WHY isn't the POLYTECHNIC out of bounds & closed!?:eek:

ARe they waiting for someone to die from H1N1 to act?...just wondering!:p
 
Don't worry about H1N1. It's no different from seasonal flu. It causes the same symptoms and the mortality rate is no worse. In fact, current data indicates that it's a lot milder.

Carry on with your life in the normal manner. Don't let the media hype get to you. H1N1 is nothing more than a storm in a teacup.
 
Don't worry about H1N1. It's no different from seasonal flu. It causes the same symptoms and the mortality rate is no worse. In fact, current data indicates that it's a lot milder.

Carry on with your life in the normal manner. Don't let the media hype get to you. H1N1 is nothing more than a storm in a teacup.

It is more than a storm in a teacup. Fair enough, H1N1 is just another of the seasonal influenza that circulate the world, during certain time of the year, people die from flu; but H1N1 is much more deadly. The problem is, at the moment, WHO and whichever health authorities out there, doesn't know how to differetiate this from the common influenzas that are out there.

Furthermore, those with underlying medical dieases , elderly, very young & certain age group catches this quickly, and the elderly & sickly die from it quickly too.

In short, there are carriers of this flu out there in great numbers, many have it, but does not show any sypmtons for various reason.

A healthy person catches it..chances are your return to normalcy will be quick and that is not the problem.

The problem here in Singapore, one catches H1 N1, wether it kills you or not, you will inconvient all those whom you come into contact with, knowingly or unknowingly. This is what worries most people here, and the very old people, especially the WWII relics..or after...will die quicker if they catches the H1 N1

Why they are dragging the feet at REPUBLIC POLYTECHNIC, as cases there are growing each day..only those in charge of the health ministry knows, or money is more important.
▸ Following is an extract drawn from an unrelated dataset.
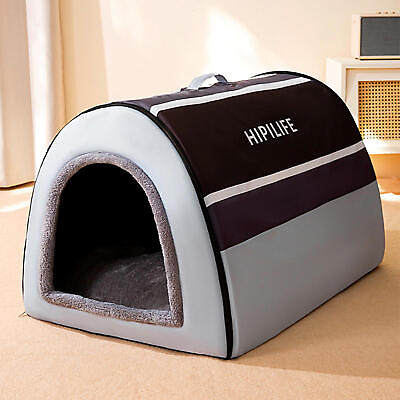 #ad 1* Warm Winter Indoor Large Dog House Removable And Washable Soft Warm Cave Bed $75.11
This is not only a storm in a teacup..it is the monsoon drains, over flowing and unable to cope with the extraordinary storm!:rolleyes:
 
I told you so!!!!

Don't worry about H1N1. It's no different from seasonal flu. It causes the same symptoms and the mortality rate is no worse. In fact, current data indicates that it's a lot milder.

Carry on with your life in the normal manner. Don't let the media hype get to you. H1N1 is nothing more than a storm in a teacup.


Jan 14, 2010

H1N1 is 'global scam': Expert

'It's just a normal kind of flu. It does not cause a tenth of deaths caused by the classic seasonal flu,' Dr Wodarg told the Daily Star.

LONDON - BRITISH media are reporting that a prominent health expert has claimed that the H1N1 flu scare was 'faked by drug companies'.

The Daily Star newspaper reports that Wolfgang Wodarg, head of health at the Council of Europe, says the H1N1 scare was 'one of the greatest medical scandals of the century'.

Dr Wodarg also said that drug companies convinced the World Health Organisation (WHO) to declare a pandemic in order to increase profits. The newspaper also reports that the Council of Europe will be holding an emergency debate on the issue before the end of January.

'It's just a normal kind of flu. It does not cause a tenth of deaths caused by the classic seasonal flu,' Dr Wodarg told the Daily Star. 'The campaign of panic provided a golden opportunity for representatives from labs who knew they would hit the jackpot in the case of a pandemic being
declared.'

The British government, however, slammed Dr Wodarg's comments on Thursday, saying that there were 'no grounds whatsoever' for his claims.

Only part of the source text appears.